A może chciałabyś odzyskać swoją niegdysiejszą moc? Jeśli tak, to lektura „Przebudzenia Lisicy” może w tym pomóc. Dora Rosłońska umiejętnie prowadzi nas przez gęsty las archetypów zwierząt, których cechy charakterologiczne mogą pięknie wspierać i przywracać naturalne formy psychiczne kobiety. Przywoływane w książce baśnie czy legendy pomogą wyostrzyć wzrok i skierować się ku odpowiedniej ścieżce wytyczonej przez Zwierzę Mocy. Przecież dzieciom opowiada się bajki do zaśnięcia, a dorosłym do przebudzenia[1]. Czy masz ochotę wyruszyć w tę podróż razem z Autorką? Pozostaw za sobą nieistotne konwenanse, nie przejmuj się tym, co powiedzą inni i odszukaj swojego Duchowego Przewodnika.

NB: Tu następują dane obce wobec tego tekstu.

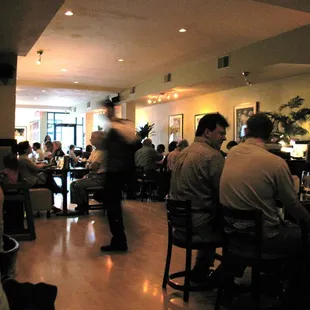 The dining room from the back of the restaurant.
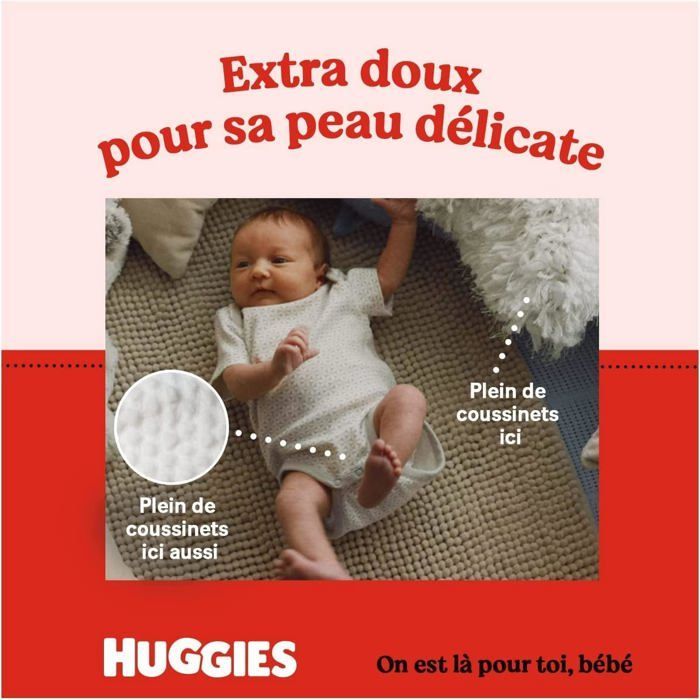 Babyluiers maat 1 (2-5 kg), 4 pakken van 40 luiers, kleurloos, ultra-absorberend, bescherming voor de gevoelige huid.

 Lektura bezcenna dla tych kobiet, które chcą wreszcie znaleźć przestrzeń dla siebie.

 

Adrianna Trzepiota, autorka „Zwilczonej” i „Sekretnej zimy Jaśminy”. Wkrótce w księgarniach jej trzecia książka.

 

 

Od wydawcy

 

Tytuł książki „Przebudzenie Lisicy” sugeruje, iż książka skierowana jest tylko do kobiet, mówiąca o rozbudzeniu mocy i ukochania kobiecości w sobie. Ale książka również skierowana jest do mężczyzn, którym brakuje żeńskiej energii, jak również do tych, którzy chcą bardziej poznać i zrozumieć swoje kobiety życia, matki, córki, partnerki. Książka również skierowana jest do tych ludzi, którzy pragną zgłębić tajniki Zwierząt Mocy i ich oddziaływania. Ich moc i atrybuty, jak je odkryć w sobie, i nie tylko te dobre i mocne, ale również te ciemne i słabe, dzięki którym kobieta odkrywa na nowo piękno i moc w sobie. Dzięki otwarciu się na Zwierzęta Mocy odradza się na nowo, jak feniks z popiołu. W słabości widzi sile, w małym piękno, a w innych ludziach zrozumienie. Poprzez opis Zwierząt Mocy z różnych grup żywiołów, autorce udało się pokazać je ze strony umysłu, żeby je zrozumieć ,od strony serca żeby je ukochać.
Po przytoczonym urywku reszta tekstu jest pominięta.